Across most of the United States, the heaviest rainfall events have become heavier and more frequent. Since 1991, the amount of rain falling during very heavy precipitation events has been significantly above average. This increase has been greatest in the Northeast, Midwest, and upper Great Plains – more than 30% above the 1901-1960 average.
Research demonstrates “nearly all nutrient export occurred when discharge was greater than the median discharge, and extreme discharges (≥ 90th percentile) were responsible for greater than 50% of the NO3–N export and greater than 80% of the P export.” Royer, et. al
If climate change is caused by societal activities (CO2emissions), then why should farmers be the ones to pay the full price of cleaning up our water? If society wants cleaner water, and we can acknowledge that climate change plays a role in increased soil erosion, shouldn’t we expect society to split the bill with farmers?
Furthermore, can we regulate an industry (agriculture) if a significant portion of the pollution is being caused by other cogs in society? But of course, to shore up my argument, you would have to accept that climate change is due to human activities. Novel concept.
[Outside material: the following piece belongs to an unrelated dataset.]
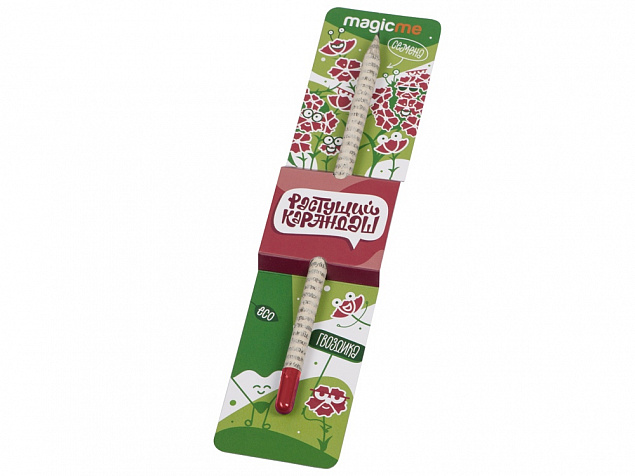 «Растущий карандаш» с семенами гвоздики с логотипом в Нефтекамске заказать по выгодной цене в кибермаркете AvroraStore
Again, I am NOT giving farmers a pass. They need to do more. We all need to support the effort of cleaning up our waterways. So next time you want to blame all water quality issues on farmers, consider your impact on global warming. Instead of taking the position of deny, deflect, and defend consider how we all need to be a part of the solution, both farmers and non-farmers.
Most Iowans — and especially our ‘environmentalists’ — are willing to put 3/8 of a cent toward funding improvements to our state’s soil and water. We need Iowa’s legislature to realize a meaningful, collective investment here.
Ryan, I absolutely agree. Many environmentalist do NOT feel this way. They are committed to improving water quality and are willing to pay. But that is not everyone…
Agreed the cost needs to be shared. Although because farmers grow a commodity it is hard, at this time, to see how they can directly pass the cost on the the consumer. That is why we all need to be in it together.
Great post! This is something we hear all the time from both environmentalists, farmers, and everyone else. The environmentalists blame the farmers, the farmers blame the cities, and it goes round and round.
Of course, in the long-run we all pay no matter what. Even in the environmentalists dream scenario, where farmers alone must pay for their pollution, the costs will ultimately be passed on to the consumer in the form of higher prices. Unless environmentalists recognize this simple economic fact, their solutions are self-defeating.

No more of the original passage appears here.